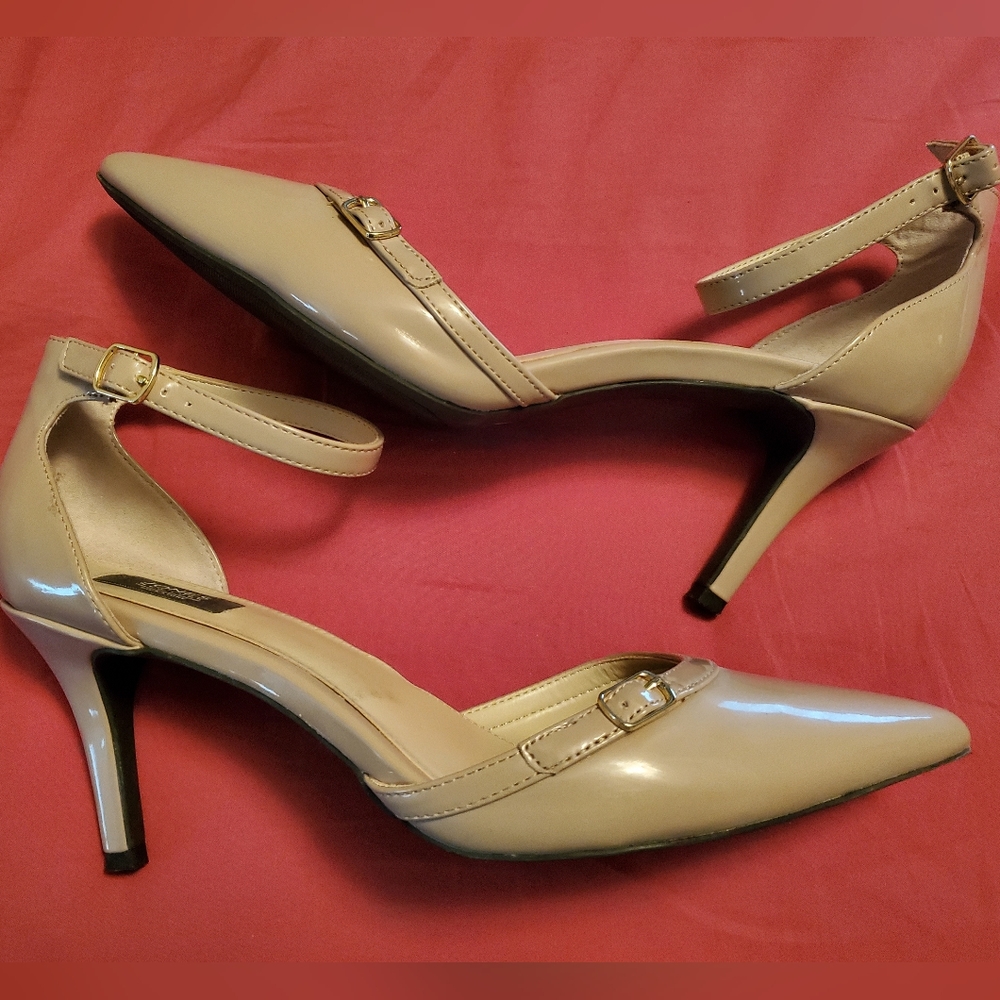 Tan Jones New York heels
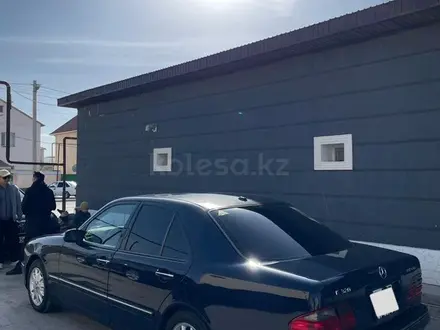 Mercedes-Benz E 320 2000 года за 3 800 000 тг. в Актау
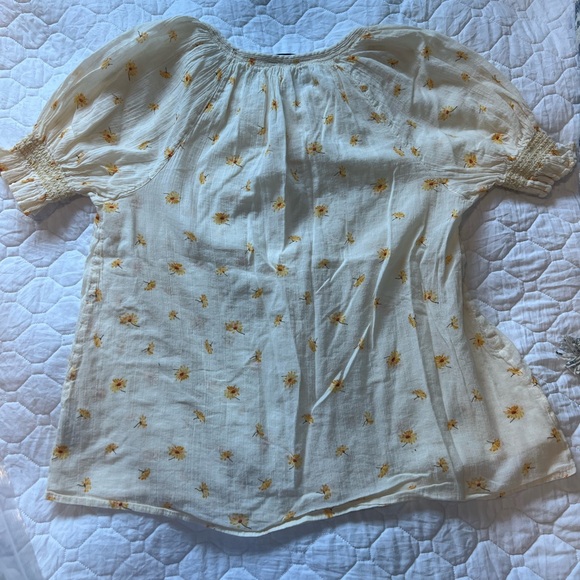Madewell Smocked button-up top in French daisies - Picture 6 of 6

> Task to carry out: Give the data again exactly, image-free.

> Your solution:
 Tan Jones New York heels
 Mercedes-Benz E 320 2000 года за 3 800 000 тг. в Актау
Madewell Smocked button-up top in French daisies - Picture 6 of 6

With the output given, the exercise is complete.